• Exercise
A verbatim copy of the listing is needed; pictures are to be left out.

• Data excerpt

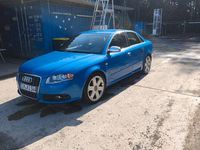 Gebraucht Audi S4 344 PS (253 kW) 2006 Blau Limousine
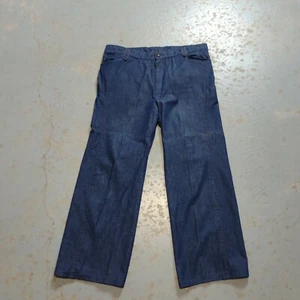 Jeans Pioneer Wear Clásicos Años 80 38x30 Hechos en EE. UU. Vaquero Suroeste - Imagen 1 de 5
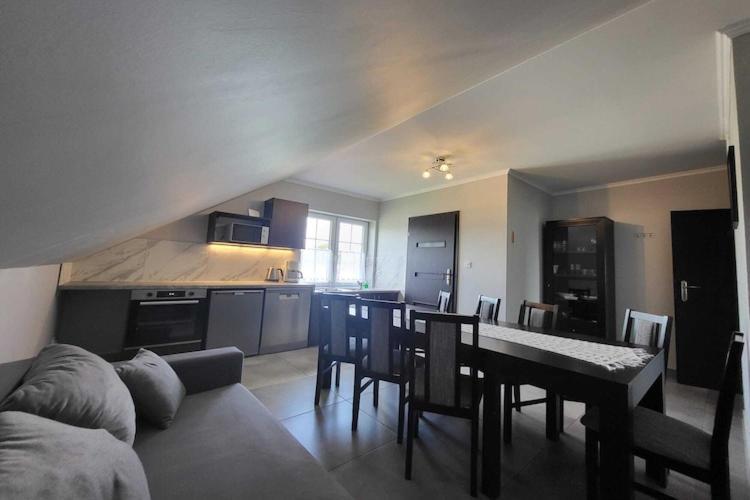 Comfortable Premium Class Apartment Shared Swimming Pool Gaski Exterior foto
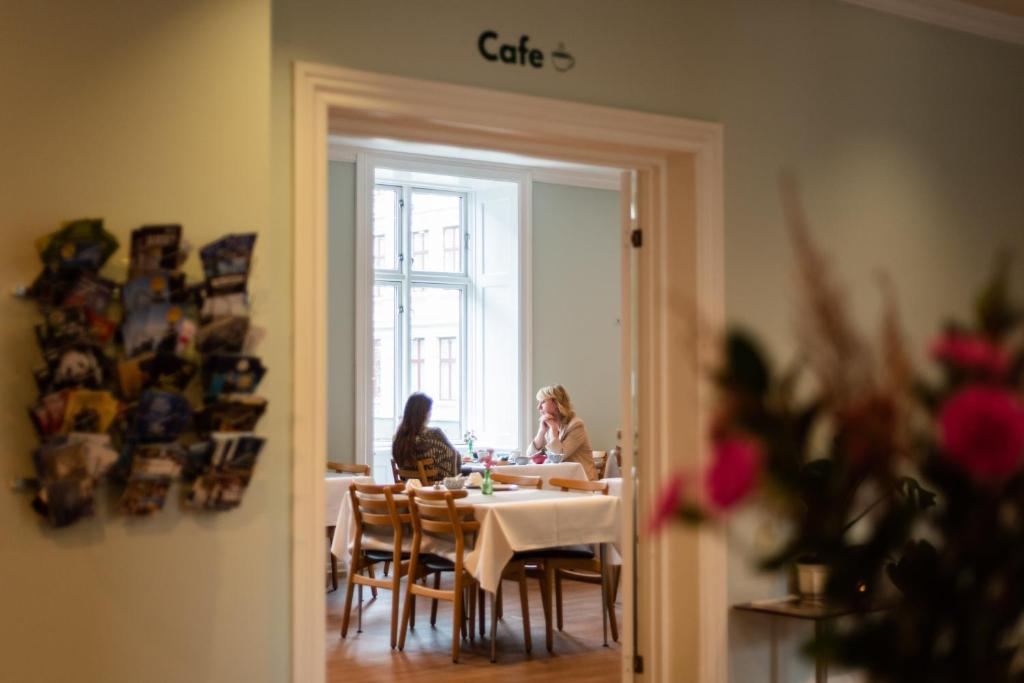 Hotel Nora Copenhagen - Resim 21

• Completed task
 Gebraucht Audi S4 344 PS (253 kW) 2006 Blau Limousine
 Jeans Pioneer Wear Clásicos Años 80 38x30 Hechos en EE. UU. Vaquero Suroeste - Imagen 1 de 5
 Comfortable Premium Class Apartment Shared Swimming Pool Gaski Exterior foto
 Hotel Nora Copenhagen - Resim 21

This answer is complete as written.